Growing up, Barbie was either white or black with straight hair, long limbs, a tiny waist, wide hips and large breasts. Those were the only options, and they weren't very feminist or inclusive. But my, how the times have changed. Barbie now comes in a huge range of shapes and sizes, and the new inclusive Barbie line for 2020 continues to expand the brand so that even more kids feel represented by their dolls.
This year, Mattel is adding a doll with a prosthetic leg, a Ken doll with long, rooted hair (so many man bun opportunities, or perhaps a nonbinary Ken), a doll with vitiligo, two new size and style-inclusive fashion dolls, a doll in a wheelchair, and a Barbie who is completely without hair, according to a press release. The Barbie Fashionistas 2020 line is definitely the most inclusive yet.
Being someone who grew up looking like every doll on the market (read: white, tall, slender), I will admit, this was a blind spot of mine for many years. I lived in a very predominantly white area of the middle class suburbs and exurbs, where the only real exposure I had to people of color was on TGIF on ABC. It wasn't until college, when I would regularly interact with others who were different, that I understood (at least as much as any privileged white kid can) that representation is crucial, that it matters. Obviously, moving to New York City, and marrying into a Chinese and Puerto Rican family has only made my awareness that much more acute.
In the past several years, it's as though Barbie has had the same revelation. (Undoubtedly due to influence from amazing groups like The Representation Project, girls like Jordan Reeves, and countless black and brown women like Adebe DeRango-Adem who wrote so passionately about the subject.) They are consistently moving the bar higher, becoming more inclusive and more representative of the children who play with these dolls.
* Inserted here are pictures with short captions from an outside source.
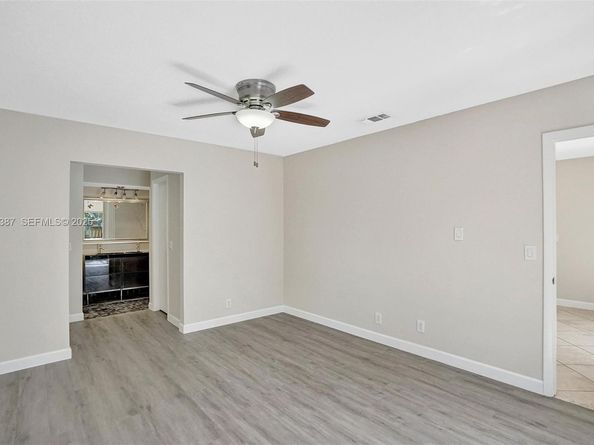 470 NW 46th Ave, Plantation FL 33317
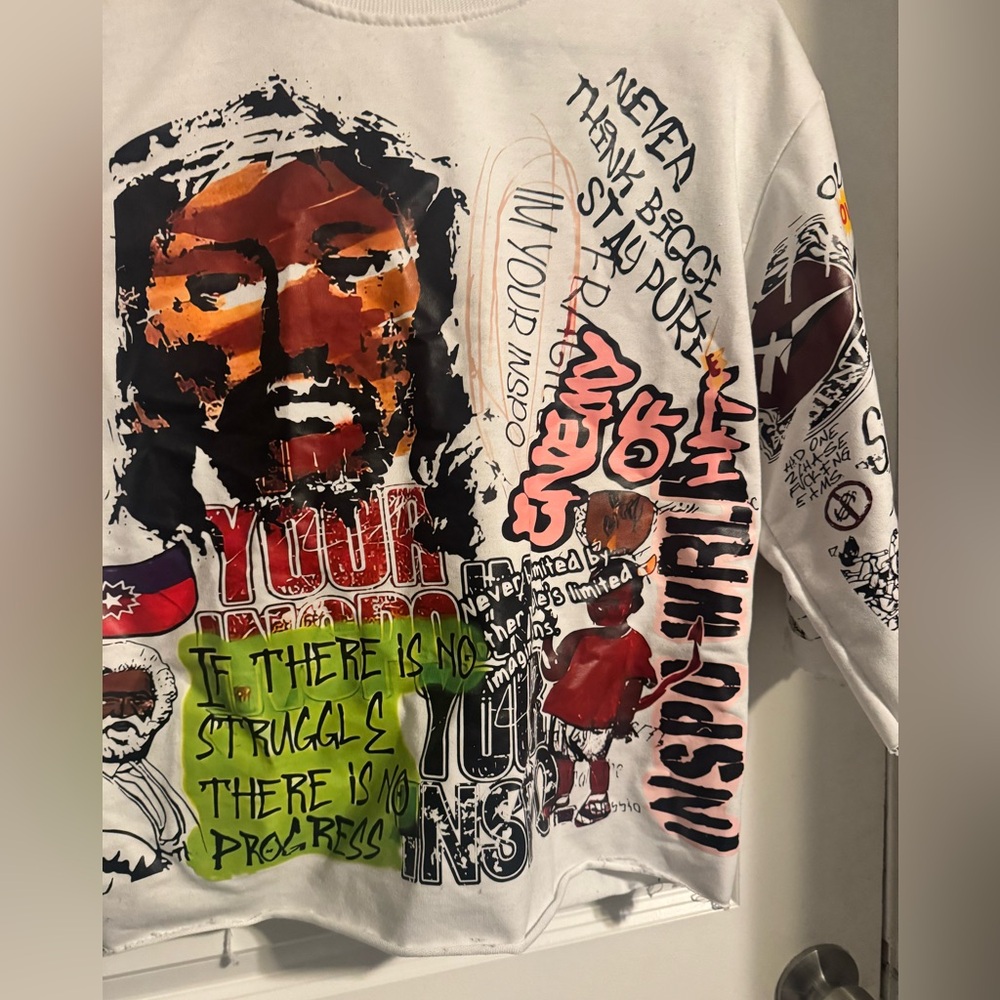 Inspowrld.us cropped tee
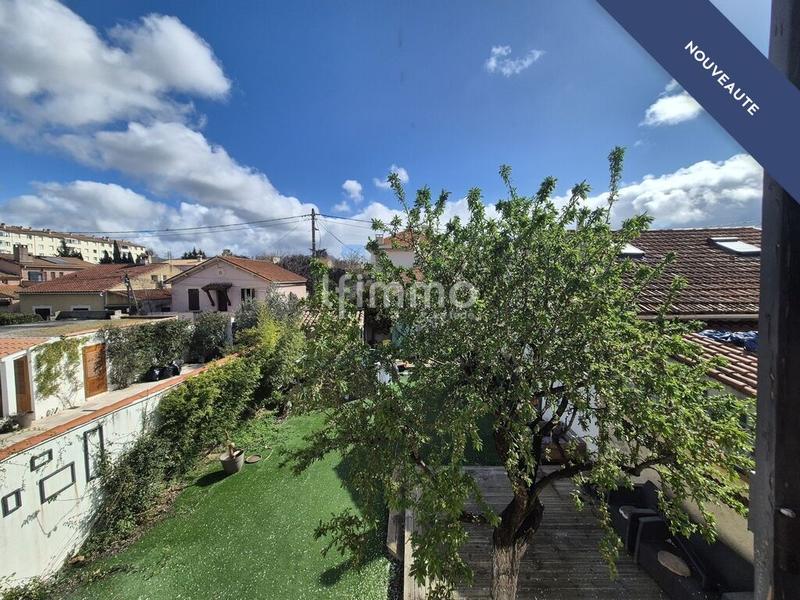 Maison - 121 m² - 6 pièces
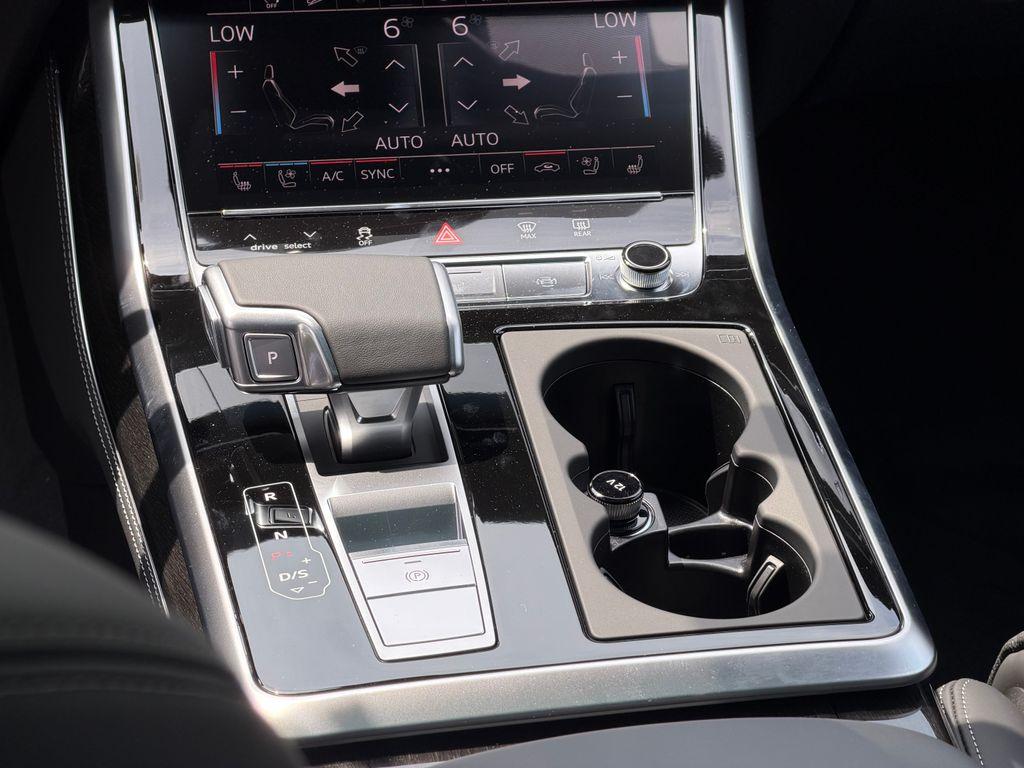 صورة مصغرة 18 لـ 2026 AUDI Q8 55 PREMIUM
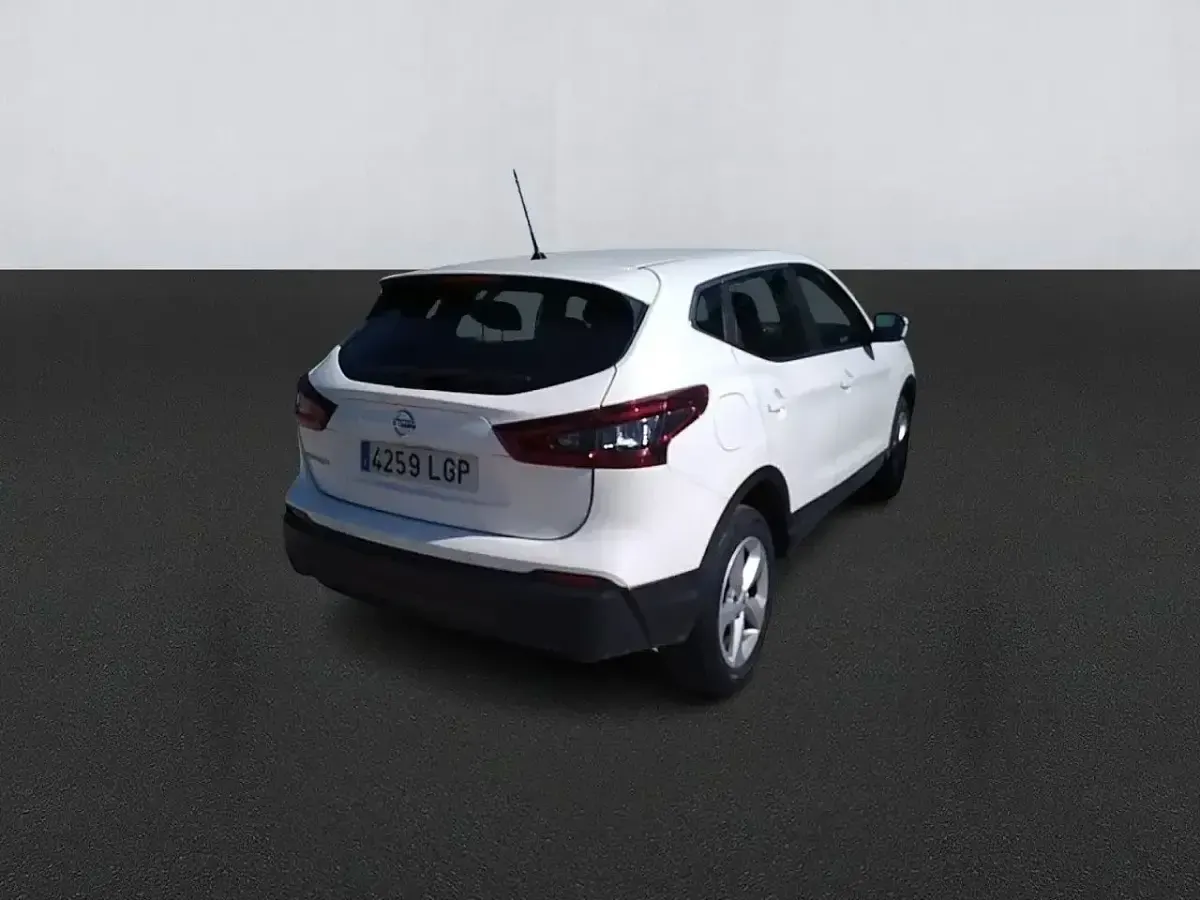 Usado Nissan Qashqai Acenta 115 CV (84 kW) 2020 Blanco SUV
Because of this sea change, my daughter has grown up with Barbie. I never felt like it was something I shouldn't let her play with. She has a legion of Barbies in all shapes, sizes, colors, and gender orientations. I know that this latest iteration for 2020 will be an instant favorite. Because, the thing is, she doesn't expect any less from Barbie. She knows that Barbie isn't just blonde and big breasted. They're Asian like her, or they're brown or black, or maybe they're disabled. She thinks that Barbie is what it has always been for her... people. And really, isn't that the best sort of confirmation for any toy manufacturer? When kids feel seen, they have the confidence to take on the world.